### Data provided
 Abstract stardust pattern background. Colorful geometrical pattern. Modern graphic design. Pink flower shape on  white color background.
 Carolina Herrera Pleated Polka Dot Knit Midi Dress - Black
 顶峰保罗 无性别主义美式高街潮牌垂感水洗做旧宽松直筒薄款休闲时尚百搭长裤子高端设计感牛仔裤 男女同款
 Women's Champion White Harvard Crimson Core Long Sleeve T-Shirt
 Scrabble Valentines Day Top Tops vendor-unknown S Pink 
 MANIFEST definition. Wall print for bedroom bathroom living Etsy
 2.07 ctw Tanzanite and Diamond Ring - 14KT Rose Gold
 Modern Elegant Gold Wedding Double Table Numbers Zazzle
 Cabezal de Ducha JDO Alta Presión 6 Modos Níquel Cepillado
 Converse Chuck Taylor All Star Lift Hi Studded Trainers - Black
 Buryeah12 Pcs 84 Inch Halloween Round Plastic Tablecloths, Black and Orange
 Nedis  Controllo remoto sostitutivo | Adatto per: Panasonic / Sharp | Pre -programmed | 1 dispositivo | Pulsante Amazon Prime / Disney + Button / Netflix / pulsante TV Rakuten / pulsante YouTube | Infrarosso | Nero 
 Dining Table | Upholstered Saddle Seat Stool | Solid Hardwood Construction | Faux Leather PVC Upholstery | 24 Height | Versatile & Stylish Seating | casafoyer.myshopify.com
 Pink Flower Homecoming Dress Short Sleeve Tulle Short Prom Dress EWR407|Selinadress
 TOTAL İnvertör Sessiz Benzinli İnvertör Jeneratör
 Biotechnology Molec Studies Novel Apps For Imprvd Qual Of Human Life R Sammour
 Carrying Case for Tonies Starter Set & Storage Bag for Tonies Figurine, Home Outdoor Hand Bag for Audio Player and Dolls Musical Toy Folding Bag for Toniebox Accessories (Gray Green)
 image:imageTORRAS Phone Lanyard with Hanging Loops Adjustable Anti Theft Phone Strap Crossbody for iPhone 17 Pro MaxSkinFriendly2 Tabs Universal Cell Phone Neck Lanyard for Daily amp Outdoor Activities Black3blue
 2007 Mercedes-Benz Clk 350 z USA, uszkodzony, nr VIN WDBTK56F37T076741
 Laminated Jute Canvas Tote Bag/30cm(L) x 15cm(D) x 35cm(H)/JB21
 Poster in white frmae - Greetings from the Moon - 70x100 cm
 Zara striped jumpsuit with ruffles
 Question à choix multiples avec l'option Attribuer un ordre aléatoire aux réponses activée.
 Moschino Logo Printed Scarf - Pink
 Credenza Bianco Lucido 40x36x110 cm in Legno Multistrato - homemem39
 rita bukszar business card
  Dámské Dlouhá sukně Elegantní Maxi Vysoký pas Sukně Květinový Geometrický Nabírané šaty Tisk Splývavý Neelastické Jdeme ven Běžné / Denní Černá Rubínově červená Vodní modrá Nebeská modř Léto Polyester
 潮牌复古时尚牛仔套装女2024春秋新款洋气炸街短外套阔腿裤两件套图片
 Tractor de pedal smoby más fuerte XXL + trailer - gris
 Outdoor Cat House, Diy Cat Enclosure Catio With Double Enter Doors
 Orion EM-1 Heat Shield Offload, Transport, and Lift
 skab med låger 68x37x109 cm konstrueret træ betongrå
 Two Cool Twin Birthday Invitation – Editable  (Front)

### Problem to solve
If a line of the entries above includes the word "Dress", count it; then state the total and nothing else.

### Solution to this task
2